Mientras el mundo discute cómo reducir las emisiones de la aviación comercial, en Uruguay se empieza a diseñar una respuesta concreta. En octubre de 2024, se definieron los primeros avances técnicos para construir la que dijeron que será la primera planta integrada de combustible sostenible para aviación (SAF) en América Latina. El proyecto no está aún en etapa de construcción, pero dio un paso crucial: se confirmó su modelo tecnológico, su estructura de abastecimiento agrícola y una alianza internacional que proveerá el “corazón” del proceso de refinado.
Un modelo integrado: del campo al reactor, sin pasar por el petróleo
El enfoque de esta iniciativa busca integrar toda la cadena en un mismo proyecto: desde el cultivo de semillas oleaginosas hasta la producción de hidrógeno verde y el refinado final de SAF.

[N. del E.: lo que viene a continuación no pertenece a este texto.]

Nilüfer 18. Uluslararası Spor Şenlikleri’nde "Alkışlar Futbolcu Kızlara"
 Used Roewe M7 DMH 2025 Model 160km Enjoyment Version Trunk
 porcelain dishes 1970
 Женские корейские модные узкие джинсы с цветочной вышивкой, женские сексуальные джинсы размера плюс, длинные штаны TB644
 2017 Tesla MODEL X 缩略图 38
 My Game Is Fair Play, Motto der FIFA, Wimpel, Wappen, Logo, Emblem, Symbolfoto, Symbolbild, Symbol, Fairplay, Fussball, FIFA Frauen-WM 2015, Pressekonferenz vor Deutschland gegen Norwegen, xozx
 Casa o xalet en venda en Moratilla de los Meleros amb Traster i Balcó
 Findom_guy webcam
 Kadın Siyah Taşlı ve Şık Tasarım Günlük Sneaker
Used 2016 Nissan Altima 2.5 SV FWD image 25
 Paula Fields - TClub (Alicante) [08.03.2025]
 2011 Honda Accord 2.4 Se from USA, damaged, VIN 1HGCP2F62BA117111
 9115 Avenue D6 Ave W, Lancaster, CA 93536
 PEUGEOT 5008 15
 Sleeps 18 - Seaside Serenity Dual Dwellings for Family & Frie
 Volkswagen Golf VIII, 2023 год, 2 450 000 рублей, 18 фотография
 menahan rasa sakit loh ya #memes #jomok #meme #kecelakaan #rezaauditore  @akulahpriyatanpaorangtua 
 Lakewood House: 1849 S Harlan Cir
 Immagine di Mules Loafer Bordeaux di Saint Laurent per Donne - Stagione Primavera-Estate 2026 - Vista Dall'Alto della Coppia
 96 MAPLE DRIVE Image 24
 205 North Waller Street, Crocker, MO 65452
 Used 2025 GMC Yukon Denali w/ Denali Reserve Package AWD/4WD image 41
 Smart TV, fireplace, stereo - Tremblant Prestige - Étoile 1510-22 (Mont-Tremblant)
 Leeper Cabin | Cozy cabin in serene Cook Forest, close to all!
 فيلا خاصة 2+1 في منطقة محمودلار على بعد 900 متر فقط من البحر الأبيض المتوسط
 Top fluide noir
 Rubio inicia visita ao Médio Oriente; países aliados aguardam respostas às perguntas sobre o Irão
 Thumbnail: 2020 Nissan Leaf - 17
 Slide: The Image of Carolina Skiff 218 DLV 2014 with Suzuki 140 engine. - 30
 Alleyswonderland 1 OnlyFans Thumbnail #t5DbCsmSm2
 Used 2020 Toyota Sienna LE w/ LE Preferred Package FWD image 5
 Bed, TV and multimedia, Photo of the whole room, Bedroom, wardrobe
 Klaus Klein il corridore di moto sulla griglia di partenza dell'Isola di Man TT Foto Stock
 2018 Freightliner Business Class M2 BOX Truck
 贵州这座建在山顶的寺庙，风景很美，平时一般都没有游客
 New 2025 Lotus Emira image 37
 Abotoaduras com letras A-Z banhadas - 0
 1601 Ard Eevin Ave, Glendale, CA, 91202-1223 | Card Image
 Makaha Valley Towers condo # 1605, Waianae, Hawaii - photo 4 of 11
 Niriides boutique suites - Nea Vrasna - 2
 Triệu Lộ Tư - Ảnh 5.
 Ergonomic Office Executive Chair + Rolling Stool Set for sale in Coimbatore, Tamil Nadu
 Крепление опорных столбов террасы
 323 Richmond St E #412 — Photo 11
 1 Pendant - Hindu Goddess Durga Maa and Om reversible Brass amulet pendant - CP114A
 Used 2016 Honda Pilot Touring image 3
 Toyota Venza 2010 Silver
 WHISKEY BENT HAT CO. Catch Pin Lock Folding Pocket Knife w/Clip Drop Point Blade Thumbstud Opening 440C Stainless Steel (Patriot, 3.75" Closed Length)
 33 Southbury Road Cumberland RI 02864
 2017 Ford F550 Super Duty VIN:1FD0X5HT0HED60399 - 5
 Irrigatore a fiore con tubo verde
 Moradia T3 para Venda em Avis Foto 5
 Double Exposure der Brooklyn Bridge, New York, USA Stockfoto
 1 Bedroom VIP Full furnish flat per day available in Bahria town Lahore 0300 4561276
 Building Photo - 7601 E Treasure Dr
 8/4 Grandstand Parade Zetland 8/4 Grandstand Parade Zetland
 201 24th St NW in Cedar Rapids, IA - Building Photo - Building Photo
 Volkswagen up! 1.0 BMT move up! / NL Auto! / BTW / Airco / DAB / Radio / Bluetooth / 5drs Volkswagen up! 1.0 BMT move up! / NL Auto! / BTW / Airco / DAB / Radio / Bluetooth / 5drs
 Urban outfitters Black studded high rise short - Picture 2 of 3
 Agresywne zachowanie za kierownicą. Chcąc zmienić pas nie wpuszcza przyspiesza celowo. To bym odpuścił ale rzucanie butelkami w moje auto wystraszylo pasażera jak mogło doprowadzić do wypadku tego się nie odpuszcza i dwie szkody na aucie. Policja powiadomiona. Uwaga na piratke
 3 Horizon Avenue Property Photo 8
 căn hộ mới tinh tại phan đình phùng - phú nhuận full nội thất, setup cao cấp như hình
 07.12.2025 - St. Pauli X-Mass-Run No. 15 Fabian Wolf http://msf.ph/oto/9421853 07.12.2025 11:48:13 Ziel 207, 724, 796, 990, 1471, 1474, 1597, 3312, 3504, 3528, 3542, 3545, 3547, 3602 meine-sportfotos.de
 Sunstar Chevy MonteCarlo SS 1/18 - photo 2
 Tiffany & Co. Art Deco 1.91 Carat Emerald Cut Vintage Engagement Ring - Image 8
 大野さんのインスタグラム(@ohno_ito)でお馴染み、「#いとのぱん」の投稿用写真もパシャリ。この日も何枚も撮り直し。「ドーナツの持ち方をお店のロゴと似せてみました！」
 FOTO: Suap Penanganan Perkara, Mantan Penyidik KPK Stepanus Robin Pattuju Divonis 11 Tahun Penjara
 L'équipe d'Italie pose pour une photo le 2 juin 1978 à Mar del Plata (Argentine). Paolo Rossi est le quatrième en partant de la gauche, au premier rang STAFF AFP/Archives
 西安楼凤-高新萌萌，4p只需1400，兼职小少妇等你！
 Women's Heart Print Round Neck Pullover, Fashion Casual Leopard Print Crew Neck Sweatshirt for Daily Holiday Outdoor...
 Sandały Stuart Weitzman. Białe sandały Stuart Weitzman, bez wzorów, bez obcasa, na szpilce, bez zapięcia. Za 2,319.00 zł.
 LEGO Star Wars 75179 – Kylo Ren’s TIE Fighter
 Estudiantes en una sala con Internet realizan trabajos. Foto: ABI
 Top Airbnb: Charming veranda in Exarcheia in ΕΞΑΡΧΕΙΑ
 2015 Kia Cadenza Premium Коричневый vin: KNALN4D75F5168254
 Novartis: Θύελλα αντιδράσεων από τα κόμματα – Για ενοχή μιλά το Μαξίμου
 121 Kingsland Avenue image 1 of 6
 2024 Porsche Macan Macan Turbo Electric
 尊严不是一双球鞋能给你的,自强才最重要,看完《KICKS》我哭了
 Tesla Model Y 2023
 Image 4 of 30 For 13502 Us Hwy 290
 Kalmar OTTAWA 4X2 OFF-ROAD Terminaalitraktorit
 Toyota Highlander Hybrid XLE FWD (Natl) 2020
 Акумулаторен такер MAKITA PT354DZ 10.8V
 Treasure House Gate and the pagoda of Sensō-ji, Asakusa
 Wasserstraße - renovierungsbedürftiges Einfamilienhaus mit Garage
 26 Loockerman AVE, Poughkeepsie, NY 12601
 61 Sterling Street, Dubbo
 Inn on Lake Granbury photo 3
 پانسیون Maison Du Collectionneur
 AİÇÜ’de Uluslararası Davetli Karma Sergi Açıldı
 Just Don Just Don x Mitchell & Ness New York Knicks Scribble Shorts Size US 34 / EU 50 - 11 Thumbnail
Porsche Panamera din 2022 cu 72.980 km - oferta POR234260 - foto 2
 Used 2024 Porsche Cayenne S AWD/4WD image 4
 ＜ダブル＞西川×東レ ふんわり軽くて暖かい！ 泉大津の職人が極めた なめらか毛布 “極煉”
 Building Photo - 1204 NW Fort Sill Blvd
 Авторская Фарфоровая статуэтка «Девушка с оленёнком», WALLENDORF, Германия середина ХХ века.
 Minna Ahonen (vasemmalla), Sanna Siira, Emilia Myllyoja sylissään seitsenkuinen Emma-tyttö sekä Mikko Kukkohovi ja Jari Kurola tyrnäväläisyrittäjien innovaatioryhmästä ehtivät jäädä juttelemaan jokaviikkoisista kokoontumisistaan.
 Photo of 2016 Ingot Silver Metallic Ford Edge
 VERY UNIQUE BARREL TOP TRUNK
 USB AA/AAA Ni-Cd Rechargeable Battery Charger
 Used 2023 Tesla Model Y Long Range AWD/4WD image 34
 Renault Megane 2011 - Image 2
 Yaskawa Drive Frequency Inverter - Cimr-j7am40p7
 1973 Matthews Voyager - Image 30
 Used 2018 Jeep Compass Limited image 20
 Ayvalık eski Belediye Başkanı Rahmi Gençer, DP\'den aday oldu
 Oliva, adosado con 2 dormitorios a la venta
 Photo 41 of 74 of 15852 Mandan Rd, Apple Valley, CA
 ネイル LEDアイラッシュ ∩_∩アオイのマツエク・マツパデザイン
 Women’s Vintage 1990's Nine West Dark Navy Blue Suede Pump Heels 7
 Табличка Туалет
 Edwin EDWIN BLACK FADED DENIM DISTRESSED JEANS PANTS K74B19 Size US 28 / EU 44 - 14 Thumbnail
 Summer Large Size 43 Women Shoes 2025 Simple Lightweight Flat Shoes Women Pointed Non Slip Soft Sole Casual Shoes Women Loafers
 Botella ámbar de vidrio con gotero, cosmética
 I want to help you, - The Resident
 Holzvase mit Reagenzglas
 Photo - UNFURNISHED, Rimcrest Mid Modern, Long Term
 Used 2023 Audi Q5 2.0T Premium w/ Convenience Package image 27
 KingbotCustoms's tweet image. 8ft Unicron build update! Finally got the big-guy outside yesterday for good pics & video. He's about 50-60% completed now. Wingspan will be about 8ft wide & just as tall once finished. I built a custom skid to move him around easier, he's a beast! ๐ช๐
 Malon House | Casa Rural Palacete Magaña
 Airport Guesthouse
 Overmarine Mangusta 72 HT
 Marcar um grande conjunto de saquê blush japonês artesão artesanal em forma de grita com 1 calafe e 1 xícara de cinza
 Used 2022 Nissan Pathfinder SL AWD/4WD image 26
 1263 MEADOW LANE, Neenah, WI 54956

El plan contempla el uso como materia prima clave de Camelina sativa, una planta resistente y adaptable, que se integra perfectamente a los esquemas de rotación agrícola como cultivo de servicio. Esta será producida localmente y será procesada mediante un sistema de electrólisis alimentado por energía solar para generar el hidrógeno necesario en el tratamiento posterior. Así, se configura un modelo de producción bajo en carbono, con independencia de las cadenas globales de commodities alimentarios.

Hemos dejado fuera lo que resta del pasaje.